JNC 7 Urges Aggressive Management of Hypertension

Cheryl A. Thompson

Hypertension usually must be treated with medication—likely two or more drugs—and the therapeutic regimen must be adjusted efficiently to bring patients’ systolic and diastolic values under control, according to the seventh report of the Joint National Committee on Prevention, Detection, Evaluation, and Treatment of High Blood Pressure (JNC 7).1

Absent from the much-anticipated report is the risk-stratification system introduced by the JNC’s sixth report in 1997 and the term “high-normal blood pressure.”
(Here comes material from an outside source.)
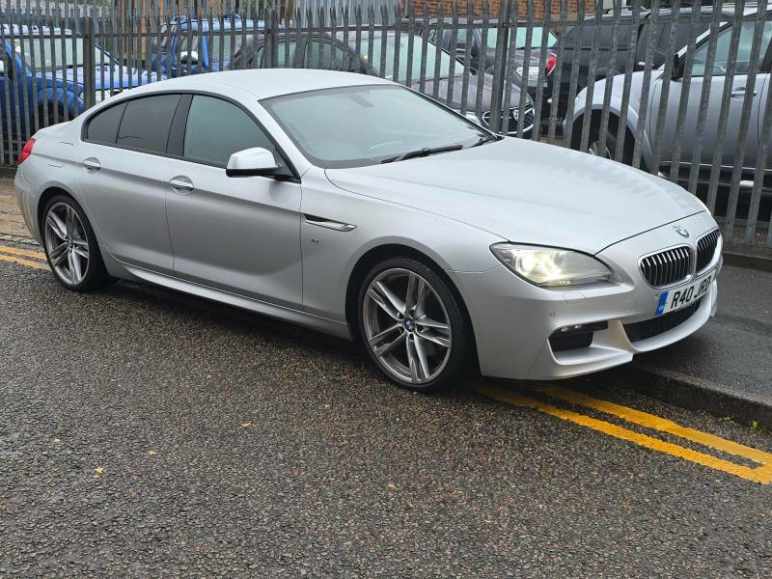 BMW 6 SERIES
The JNC, part of the National High Blood Pressure Education Program coordinated by the National Heart, Lung, and Blood Institute, customarily issues a report every four years or so, making the seventh report due in 2001. But the results of the large-scale Antihypertensive and Lipid-Lowering Treatment to Prevent Heart Attack Trial (ALLHAT) were expected to be released the next year; an early finding, announced in March 2000, was the poor result from treatment with the alpha1-adrenergic receptor blocker used in the study. In December 2002, ALLHAT’s final results were announced: a traditional diuretic outperformed both an angiotensin-converting-enzyme (ACE) inhibitor and a calcium-channel blocker.

JNC algorithmThe algorithm for treatment of hypertension appears more streamlined in JNC 7 (see figure) than in the previous report. A thiazide diuretic is recommended for most patients with a systolic blood pressure of 140–159 mm Hg or a diastolic value of 90–99 mm Hg who do not have a “compelling indication,” such as diabetes mellitus or renal insufficiency. Combination therapy should be used for most patients with a systolic blood pressure of >160 mm Hg or a diastolic value of >100 mm Hg but without a compelling indication. For patients with hypertension and a compelling indication, one or more of the following drug types should be used: ACE inhibitor, angiotensin-receptor blocker, beta-blocker, calcium-channel blocker, and diuretic.
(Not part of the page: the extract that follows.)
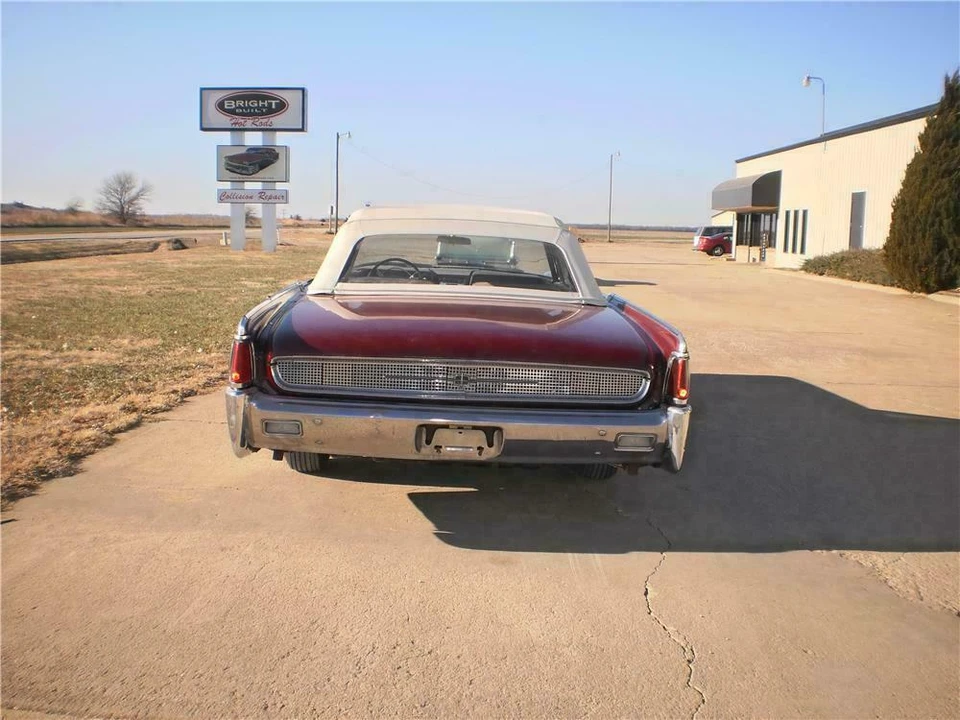 1961 Lincoln Continental 4th Gen - Image 3 of 4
The term “prehypertension” is used to describe the condition between normal blood pressure and hypertension. Drug treatment of patients with prehypertension is not recommended unless they have a compelling indication. The maximum values for normal blood pressure are a systolic pressure of 119 mm Hg and a diastolic pressure of 79 mm Hg.
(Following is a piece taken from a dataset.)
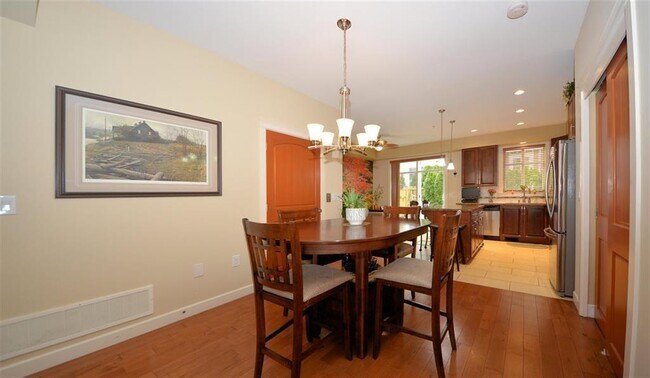 Photo du bâtiment - 20738-20784 84 Ave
The more comprehensive version of JNC 7 will be published separately this year.

  1. National High Blood Pressure Education Program. The seventh report of the Joint National Committee on Prevention, Detection, Evaluation, and Treatment of High Blood Pressure: JNC 7 express. Bethesda, MD: U.S. Department of Health and Human Services, 2003; NIH publication no. 03-5233.

Strategies for Controlling Blood Pressure

One of the best ways to control blood pressure is to provide patient management “by individuals who take a very keen interest in achieving [blood pressure] control in the population,” said Barry L. Carter, a professor at the University of Iowa College of Pharmacy in Iowa City and ASHP’s representative to the National High Blood Pressure Education Program. “Either pharmacist- or nurse-managed clinics have been perhaps the most effective strategies to [control blood pressure] because those providers are immersed in the whole notion of getting those patients to a lower blood pressure”

The second most successful strategy is physician report cards, he said, noting that they are more effective when provided as a quality assurance tool within a medical practice than as a scorecard by an outside organization.

Carter said academic detailing is “somewhat effective,” with success tied to whether the person is part of the medical practice.